There is no work in the Koch Gallery that I would call canonical, but there are at least two that could be, and both of them would make the canon more interesting if they were. Juan de Pareja is a great and important painting, and the Met’s decision to spend a record-breaking sum on it in 1970 looks better all the time, but as paintings by Velázquez go, is it all that interesting? I don’t think it’s even close to as interesting as the MFA’s Don Baltasar Carlos and an Attendant (or, as it was known until recently, Don Baltasar Carlos with a Dwarf6).
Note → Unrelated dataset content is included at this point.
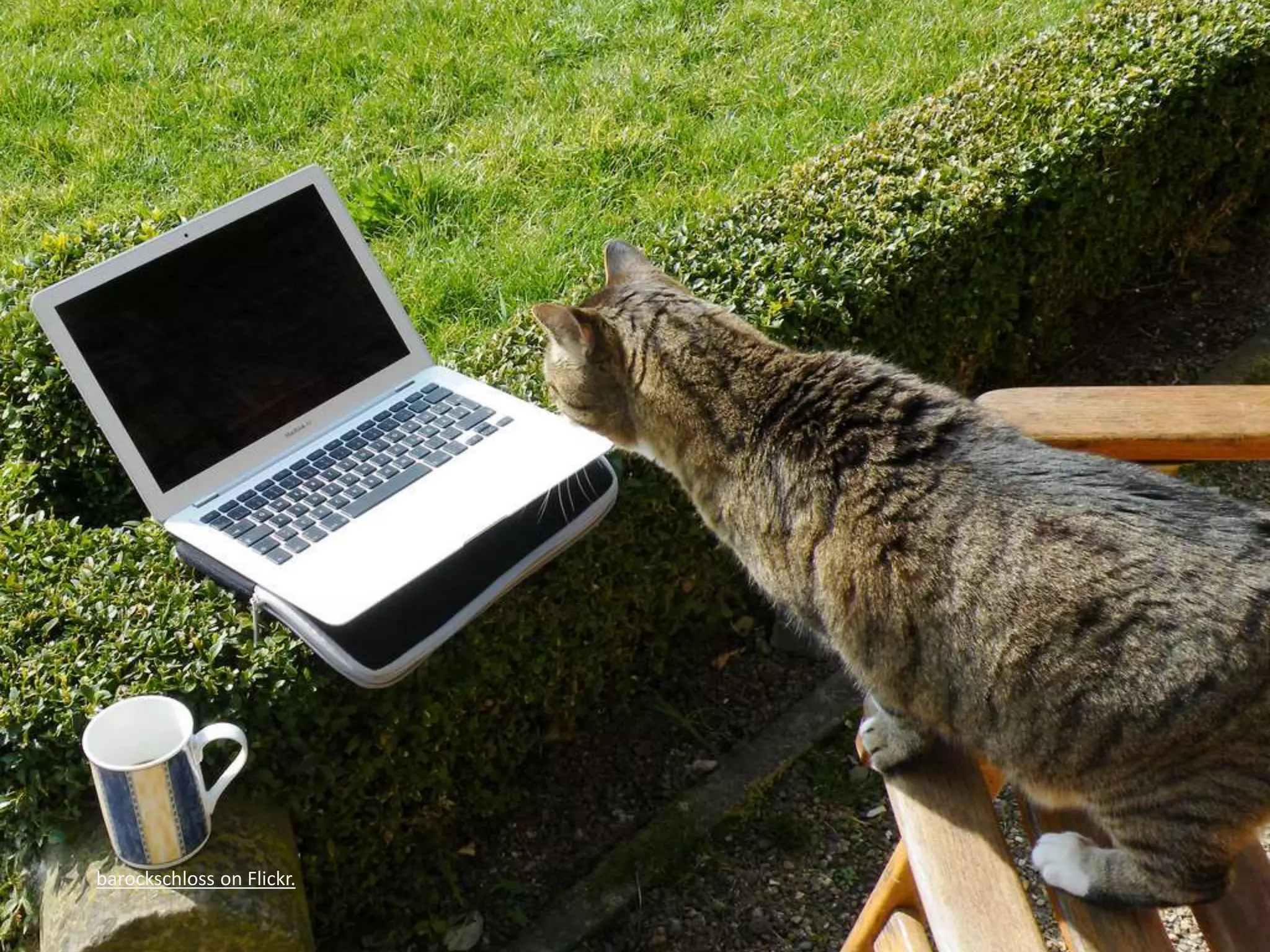 barockschloss on Flickr.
Born in 1629, Baltasar Carlos was the only son of the union of King Philip IV of Spain and his queen, Elisabeth of France. When Baltasar Carlos died of smallpox in 1646, the Spanish crown was left without an heir. Elisabeth having died in 1644, it became necessary for Philip to remarry, which he did, in 1649. His second wife, Mariana, was the Austrian princess originally promised to his son
All of this was in the future in 1631, when Velázquez, just returned to Madrid from a long embassy in Rome, painted Baltasar Carlos with one of the resident dwarves of the Spanish court. The identity of the dwarf has never been determined, nor has the gender, though one plausible analysis, based on costume, suggests female.
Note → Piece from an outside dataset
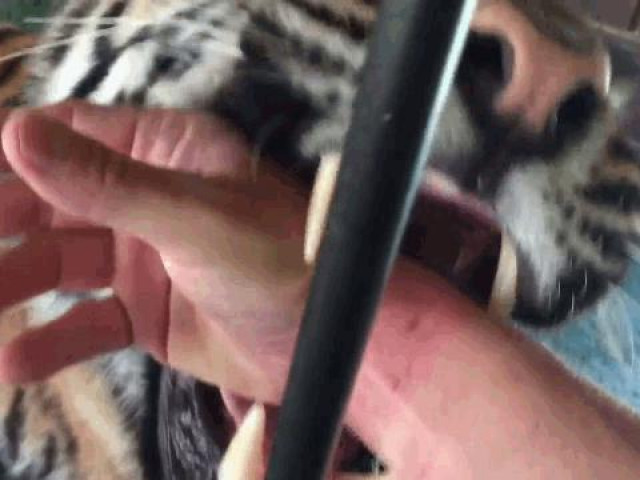 Clip Eva - Người đàn ông liều mạng cho tay vào miệng hổ dữ và cái kết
The identity of a dwarf in a Velázquez painting—only a specialist on the Spanish court could take an interest in such a question. There’s another mystery here, though. It is striking how much more alive the figure of the dwarf is, than that of the prince. Not only do the two not interact, they barely seem to occupy the same physical space. In a catalogue entry for a 1989 exhibition at the Met, the Spanish art historian Julián Gállego made a tantalizing proposition. Having observed a horizontal line dividing the carpet in the foreground into sections, he suggested this is a panting of a painting—the dwarf is standing before, to quote Gállego, “a replica of a hypothetical 1631 portrait by Velázquez.”
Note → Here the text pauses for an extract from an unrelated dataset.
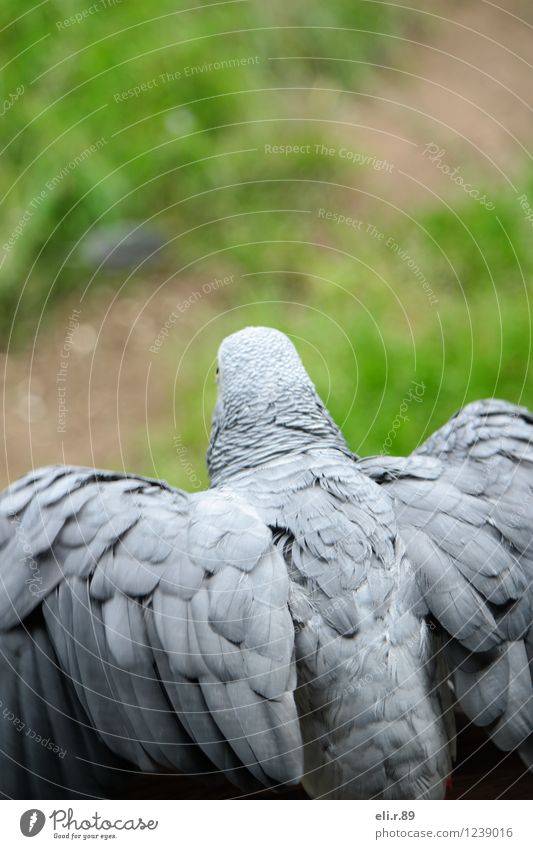 Abflug Freiheit Tier Haustier Wildtier Vogel Flügel Graupapagei fliegen grau grün Vorfreude Beginn Farbfoto Außenaufnahme Textfreiraum oben Tag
Velázquez experimented with conceits of this nature early in his career, in two of the kitchen scenes (bodegones) he made before he left Seville for Madrid, Christ in the House of Martha and Mary and The Supper at Emmaus. In both paintings there is ambiguity about the biblical scene in the background—is it depicted in a painting on the wall, or is it taking place in the next room? Late in his life he revisited the format. There is a tapestry version of Titian’s Triumph of Bacchus in the The Spinners (Las Hilanderas), and then, of course, there is the most celebrated painting within a painting in the history of Western art—the canvas, seen only from behind, on which, in Las Meninas, Velázquez himself is at work.
But maybe Gállego was just reading too much Foucault? I can’t help noticing that the tasseled pillow on the right, which, if Gállego is on to something, should be part of the painting within the painting, seems to occupy the same space as the dwarf. If it does, there can be no painting within the painting. An alternate theory has Velázquez adding the dwarf in 1634, in which case it could represent Francisco Lezcano, who came to the court that year. And it may rather be that, instead of being embedded as a portrait, Baltasar Carlos is expressing, to quote Gállego again, “that lofty remoteness characteristic of the Habsburg sovereigns.”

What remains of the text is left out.